Zurich
Zurich
Switzerland's largest city is surprisingly compact, with a wealth of churches, museums, and cobbled streets. More than half of Zurich's 41 museums are free, from the wide-ranging Swiss National Museum, with treaures from prehistory to the present, to the tightly focused Beyer Museum of Time and the Museum Strauhof, strong on James Joyce artifacts and memorabilia. A free list of museums can be picked up at the tourist office. Zurich's premier magnet is the Old Town, a maze of medieval streets on both sides of the Limmat River. Among the most ancient and charming byways in this part of town are Neumarkt, Rindermarkt, and Predigergasse--narrow streets with building, some of them more than 700 years old, housing galleries and small shops brimming with stylish jewelry, clothing, crafts, works of art, and books. Augustinergasse, lines with 17th- and 18th- century houses, curves up to St. Peter's, the city's oldest parish church, also notable for having the largest clock face in Europe. If you don't insist on top-name brands, it's possible to do well buying classy-looking Swiss watches (under $100) and chocolate at department stores such as ABM, EPA, and Migros. For gift boxes of beautifully packaged chocolate truffles ($9-$25), try Schurter, on Niederdorfstrasse, also a fine spot for relaxing over a cup of hot chocolate or coffee ($2.50) and slice of cake ($2-$4).
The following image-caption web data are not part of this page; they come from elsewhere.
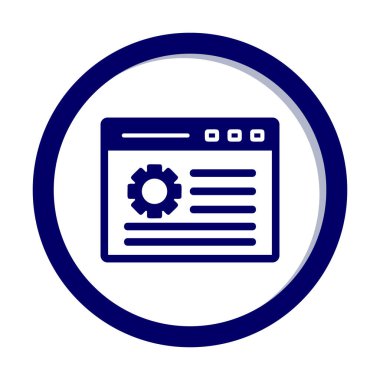 Ağ ayarı. Web simgesi basit illüstrasyon 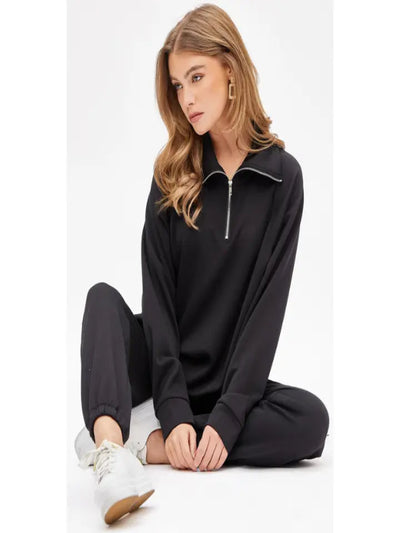 Nicole Black 2PC Jogger Set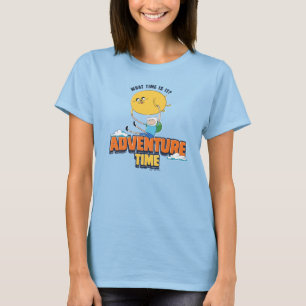 Camiseta Tiempo de aventura   Jake Flotando Con Finn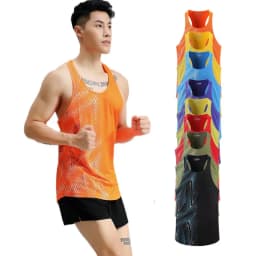 Adult Men Women Running Outdoor Shirts Tight Gym Tank Top Fitness Sleeveless T-shirts Sport Exercise Basketball Marathon Vest V9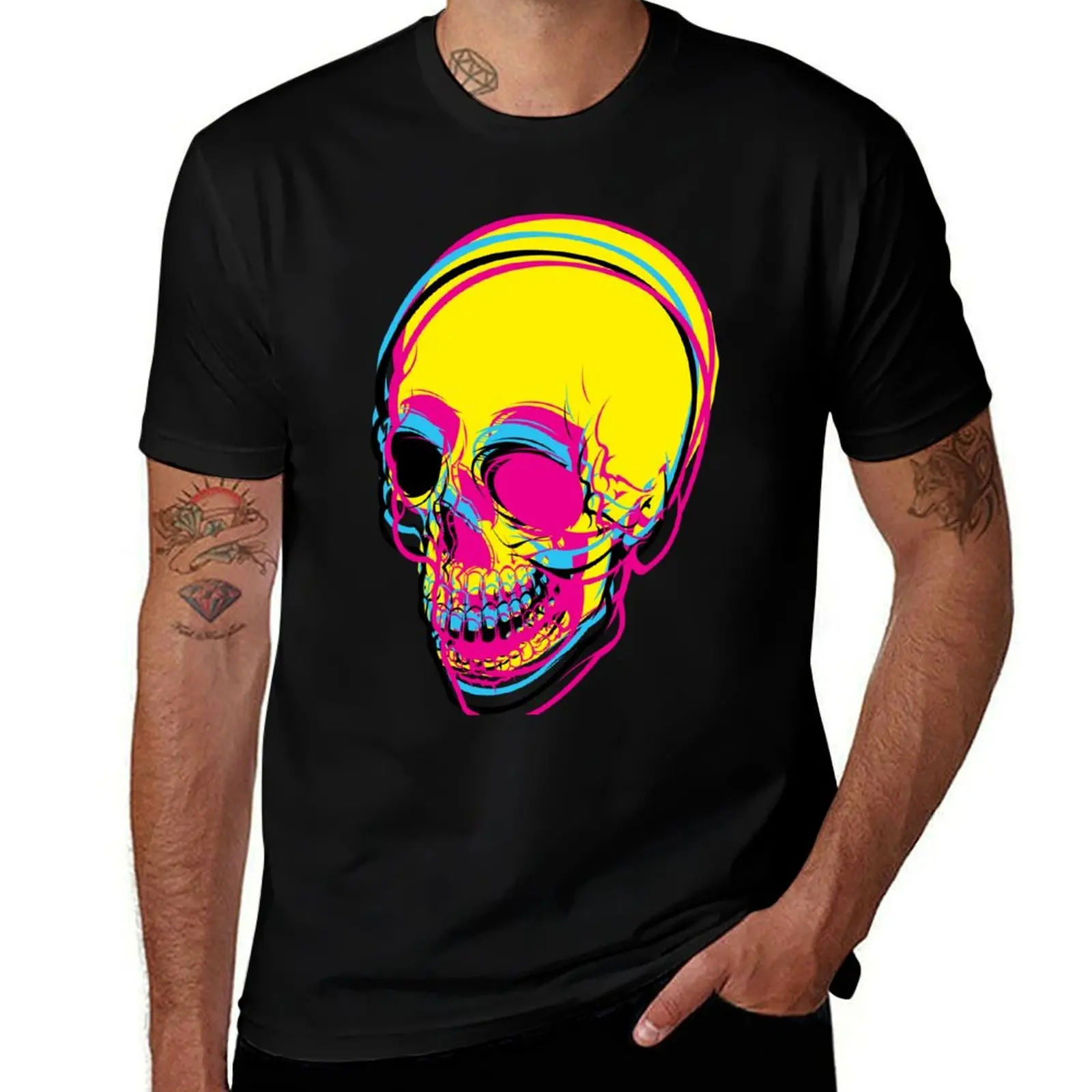 

SKULL man man shirts for pack tees t CMYK graphic white shirts for t T-Shirt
Swiss Army knives (starting at $12.50--and generally about half the price of those sold in the States), jewelry, wooden toys, and cheese boards can be purchased at Heimatwerk, with shops throughout Switzerland, but value-conscious shoppers flock to the Zurich store, where an entire room is devoted to sales merchandise. Countryside is close at hand in Zurich. Every 30 minutes, a train departs from Zurich's Hauptbahnhof (train station) for the summit of Uetliberg Mountain, some 1,500 feet above the city. Plan your departure from Zurich so that you can have an early lunch in the train station, at Les Arcades (a plate of bratwurst is $12). Instead of boarding the train for the return trip after you've admired the view from Uetliberg, take the easy under-two-hour walk along the mountain ridge to Felsenegg, where you can then hop on a cable car for the quick trip back to Zurich.